§ WHAT YOU HAVE TO DO: Only the text of the records belongs in the answer, copied exactly and without pictures.

= = = = =

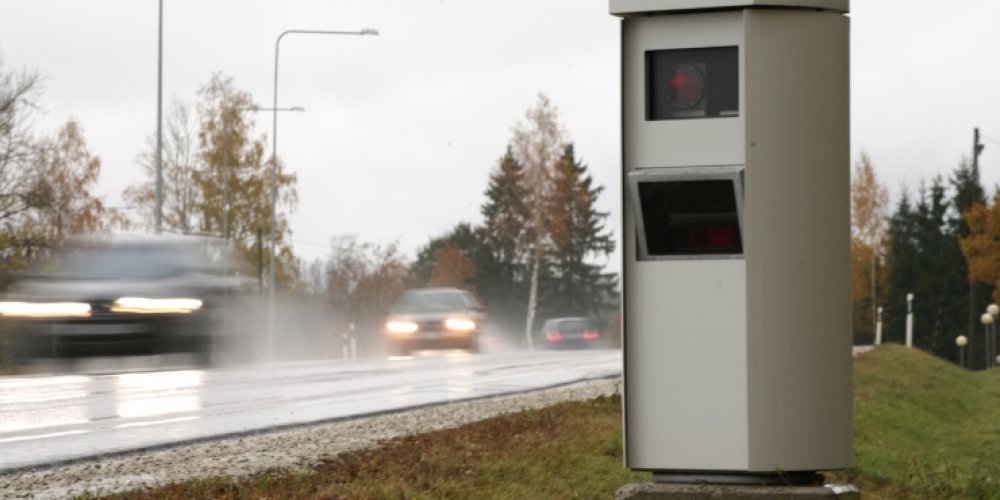 На Нарвском шоссе начали работать новые камеры контроля скорости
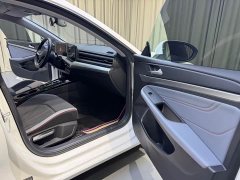 Volkswagen Lingdu L 280TSI DSG Dazzling Red Edition - ფოტო 4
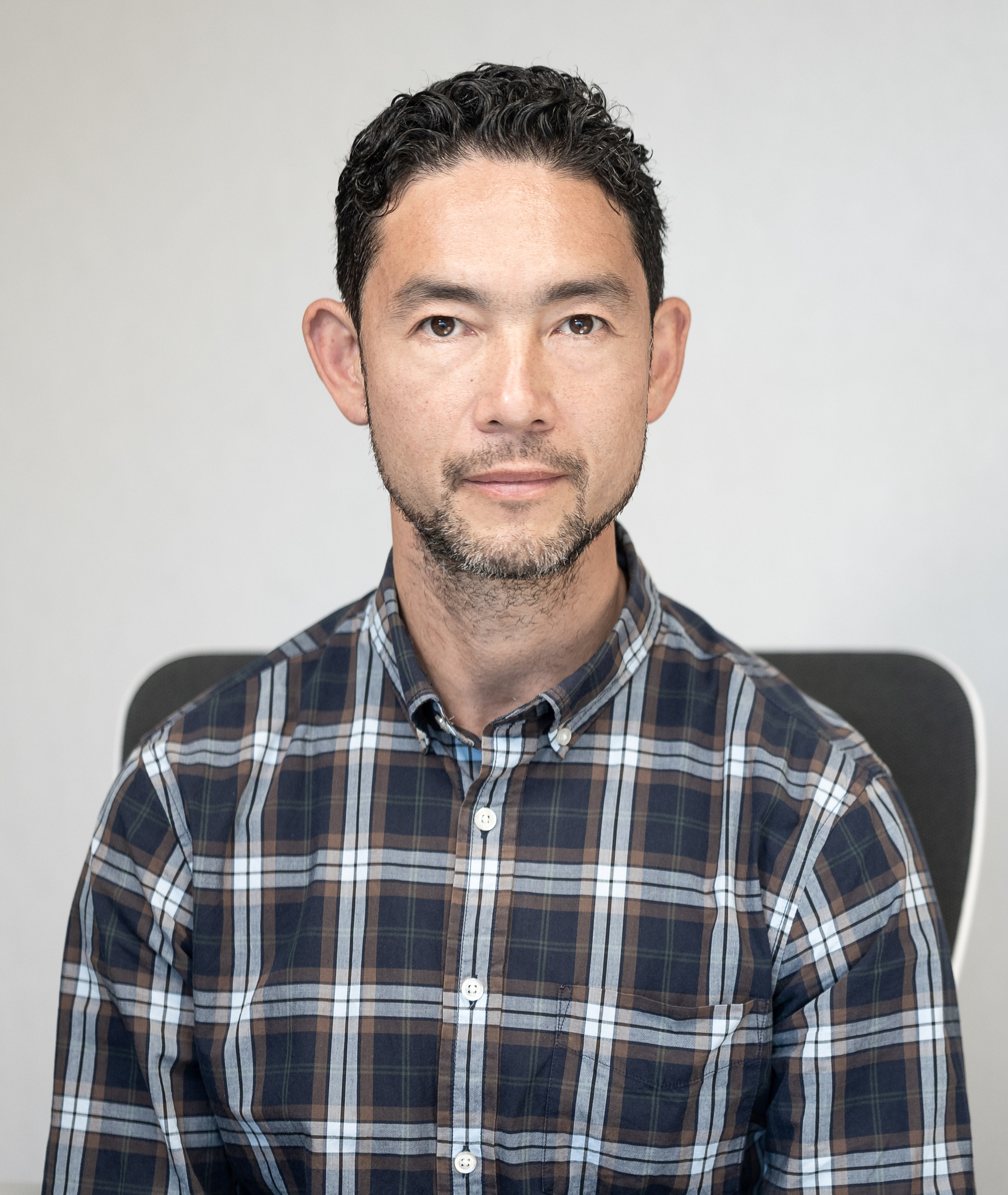 Portrait of Stanislav Pak, Registered Psychologist in Calgary, Alberta.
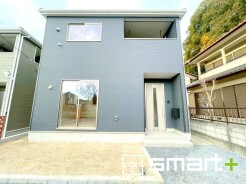 ～シックな色彩の外観を採用～
・外壁に濃い色を採用する事でモダンな印象のシックな外観となっております。
・高級感も出るので毎日家に帰るのが誇らしくなります。ぜひ現地でご確認くださいませ。
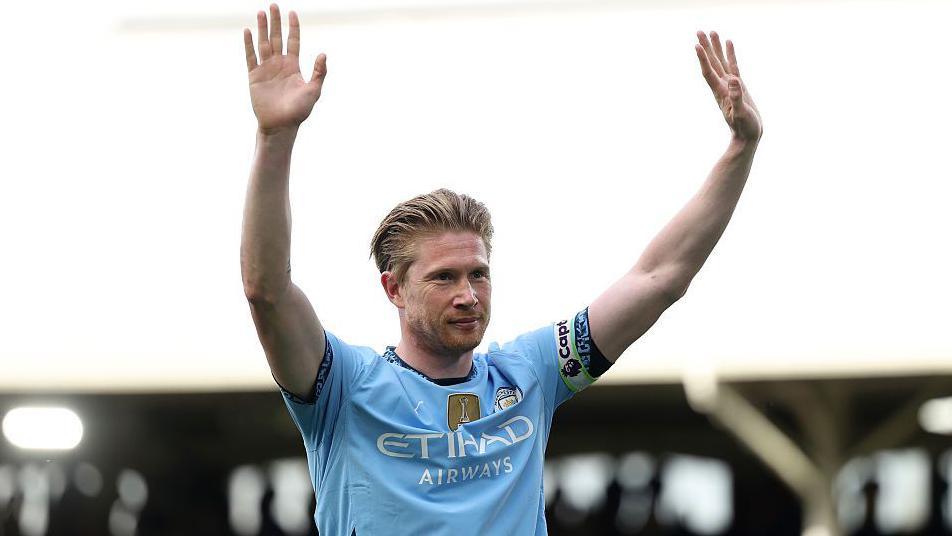 Kevin De Bruyne of Manchester City acknowledges the fans after his final game for the team, following the Premier League match between Fulham FC and Manchester City FC at Craven Cottage on May 25, 2025 in London, England.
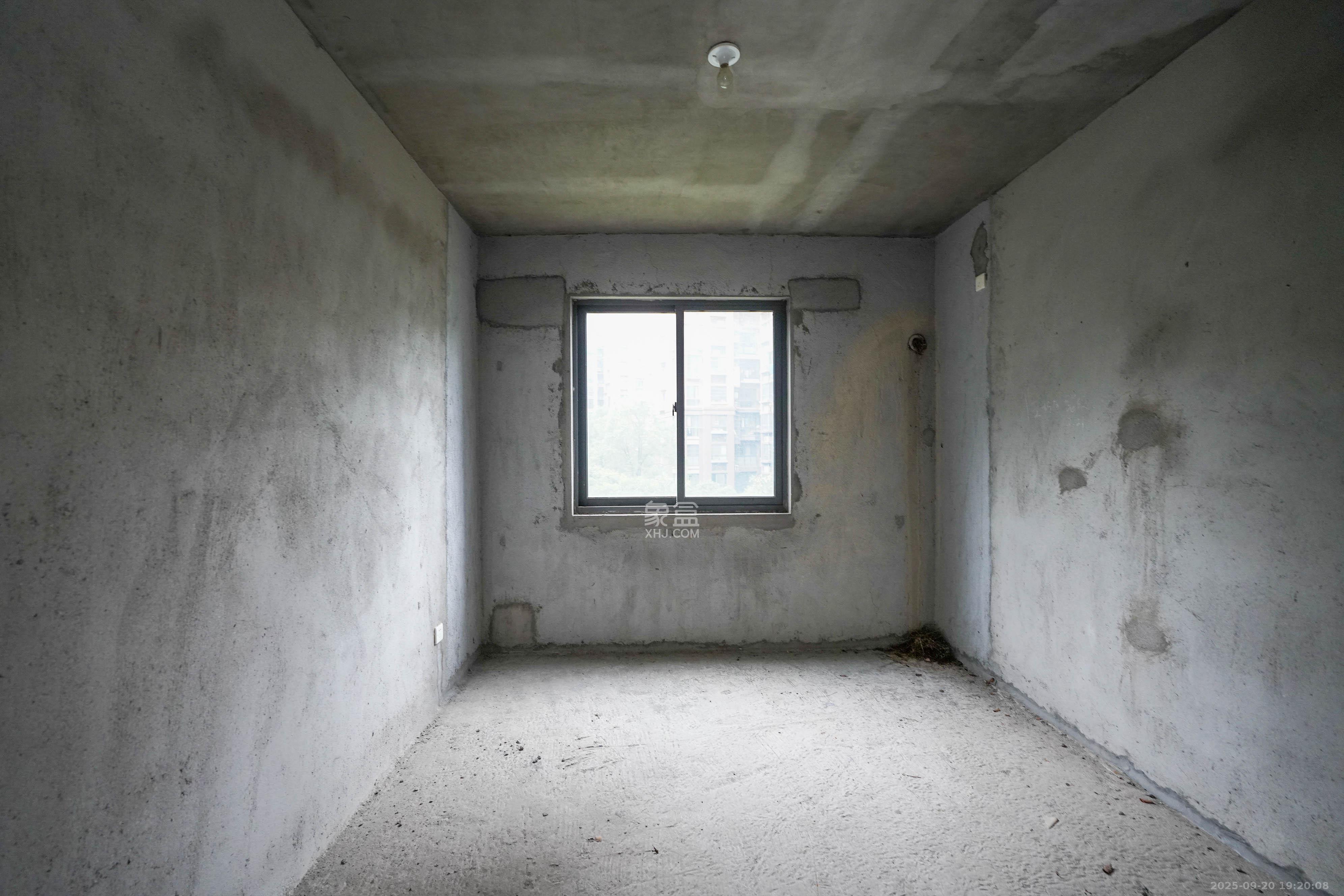 山水嘉园 4室2厅2卫 95.0万 山水嘉园 4室2厅2卫 95.0万卧室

= = = = =

§ REPLY:
 На Нарвском шоссе начали работать новые камеры контроля скорости
 Volkswagen Lingdu L 280TSI DSG Dazzling Red Edition - ფოტო 4
 Portrait of Stanislav Pak, Registered Psychologist in Calgary, Alberta.
 ～シックな色彩の外観を採用～
・外壁に濃い色を採用する事でモダンな印象のシックな外観となっております。
・高級感も出るので毎日家に帰るのが誇らしくなります。ぜひ現地でご確認くださいませ。
 Kevin De Bruyne of Manchester City acknowledges the fans after his final game for the team, following the Premier League match between Fulham FC and Manchester City FC at Craven Cottage on May 25, 2025 in London, England.
 山水嘉园 4室2厅2卫 95.0万 山水嘉园 4室2厅2卫 95.0万卧室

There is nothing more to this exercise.